Biologic therapy, also known as immunotherapy, is a treatment that aims to restore the ability of the body's immune system to fight infection and disease. Immunosuppressive drugs are prescribed generally to reduce the body's immune response for the treatment of certain systemic inflammatory conditions.
The biological compounds, such as tumor necrosis factor-alpha (TNF-α) inhibitors and ustekinumab, involved in biologic therapy are composed of antibodies or other peptides that act through one of the following modes -
Advertisement• Inhibiting inflammatory cytokine signaling especially Tumor Necrosis Factor or TNF. This means, anti-TNF monoclonal antibody drugs such as Infliximab and adalimumab, and etanercept suppress the activity of the pro-inflammatory cytokine called TNF-alpha responsible for increasing plasma concentrations in response to inflammation thus causing clinical problems associated with psoriasis and other inflammatory diseases.
• Inhibiting activation of T-cells, which play a key role in cell mediated immunity (an immune response that does not involve antibodies).
• Depleting B- cells, which cause certain systemic inflammatory diseases.
Although these immune modulating drugs are generally regarded as safe and efficacious for a number of diseases, the risk of infection is a major concern with long term immunosuppressive treatment.
So, Rachel Gordon and colleagues from Houston, USA, took up a review study of literature regarding the risk of infection with tumor necrosis factor-alpha (TNF-α) inhibitors and ustekinumab.
The researchers had come up with the following findings -
• Of the TNF inhibitors, infliximab seems to carry the highest risk of infection. In comparison to infliximab, use of etanercept, abatacept, rituximab, and adalimumab was associated with lower rates of hospitalized infections.

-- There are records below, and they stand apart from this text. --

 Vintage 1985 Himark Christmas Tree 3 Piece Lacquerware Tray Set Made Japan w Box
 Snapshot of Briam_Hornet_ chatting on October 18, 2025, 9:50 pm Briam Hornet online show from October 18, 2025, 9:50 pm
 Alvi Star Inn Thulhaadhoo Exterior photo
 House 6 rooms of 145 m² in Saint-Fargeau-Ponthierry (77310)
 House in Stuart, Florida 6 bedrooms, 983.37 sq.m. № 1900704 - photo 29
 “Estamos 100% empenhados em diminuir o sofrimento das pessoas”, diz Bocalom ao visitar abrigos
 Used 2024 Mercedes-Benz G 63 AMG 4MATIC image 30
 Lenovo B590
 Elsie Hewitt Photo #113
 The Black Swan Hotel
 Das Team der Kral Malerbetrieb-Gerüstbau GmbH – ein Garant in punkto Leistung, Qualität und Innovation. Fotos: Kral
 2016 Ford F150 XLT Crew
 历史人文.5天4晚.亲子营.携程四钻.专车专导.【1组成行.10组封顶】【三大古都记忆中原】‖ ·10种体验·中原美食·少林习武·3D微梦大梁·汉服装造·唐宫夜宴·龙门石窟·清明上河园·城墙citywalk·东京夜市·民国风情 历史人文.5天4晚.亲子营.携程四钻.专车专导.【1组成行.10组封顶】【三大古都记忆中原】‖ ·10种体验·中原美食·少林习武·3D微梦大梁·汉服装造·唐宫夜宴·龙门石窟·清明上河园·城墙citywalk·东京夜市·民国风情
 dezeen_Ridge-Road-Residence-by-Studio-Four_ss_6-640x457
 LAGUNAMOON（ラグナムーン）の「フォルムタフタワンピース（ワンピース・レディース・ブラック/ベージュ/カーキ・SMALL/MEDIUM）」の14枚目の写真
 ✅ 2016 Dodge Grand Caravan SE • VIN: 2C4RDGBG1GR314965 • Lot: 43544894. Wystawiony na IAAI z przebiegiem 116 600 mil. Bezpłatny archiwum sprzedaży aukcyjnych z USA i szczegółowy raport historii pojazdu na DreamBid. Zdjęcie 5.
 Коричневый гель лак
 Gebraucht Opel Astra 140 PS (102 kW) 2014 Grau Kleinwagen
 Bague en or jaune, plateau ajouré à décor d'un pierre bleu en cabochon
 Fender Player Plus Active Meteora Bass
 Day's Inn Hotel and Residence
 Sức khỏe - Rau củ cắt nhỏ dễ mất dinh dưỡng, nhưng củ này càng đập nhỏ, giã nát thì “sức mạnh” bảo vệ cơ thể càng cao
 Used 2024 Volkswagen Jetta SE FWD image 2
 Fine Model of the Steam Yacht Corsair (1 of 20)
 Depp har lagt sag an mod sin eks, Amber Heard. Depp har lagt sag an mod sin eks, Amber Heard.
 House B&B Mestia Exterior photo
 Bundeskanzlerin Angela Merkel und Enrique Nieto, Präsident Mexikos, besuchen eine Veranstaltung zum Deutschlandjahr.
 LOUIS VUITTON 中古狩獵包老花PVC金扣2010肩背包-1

• There is a significantly higher risk of Herpes Zoster (shingles) in rheumatoid arthritis patients treated with etanercept, infliximab, or adalimumab compared with conventional disease-modifying antirheumatic drugs (DMARDs). This was found to be conflicting with another study, which associated the treatment with TNF-α inhibitors with a lower incidence of post-herpetic neuralgia.
• The risk of latent tuberculosis (TB) reactivation in patients treated with biologics is well established. A Spanish study of psoriasis patients receiving any anti-TNF therapy found a 29 percent incidence of latent TB infection (LTBI).
Rheumatoid arthritis patients treated with TNF-α antagonists had an increased rate of Listeria infection in comparison those treated with conventional therapy. A review, which had identified 92 cases of L. monocytogenes infections related to infliximab treatment found Meningitis to be the most common type of infection reported.
• As the relative risk of developing L. pneumophila during treatment with TNF inhibitors is not well established, the authors suggest that clinicians to consider antibiotic treatment for Legionella in patients on anti-TNF- α therapy with pulmonary symptoms.
• In 2008, the FDA had alerted the clinicians of the risk of endemic fungal infections in patients receiving anti-TNF-α therapy with infliximab, etanercept, or adalimumab.
• The overwhelming majority of evidence supports the idea that biologics are safe for the treatment of psoriasis.
However, the reviewers find it difficult to predict the true risk of inflammation in patients because in most of the studies of the patients were treated for conditions other than psoriasis and also additional systemic immunosuppressive therapy were utilized.
The authors thus concluded - 'The benefits of biologics outweigh the risks and that clinical practice measures such as screening, prevention, and vigilance are effective in limiting the risk of potential opportunistic infections associated with immunotherapy'.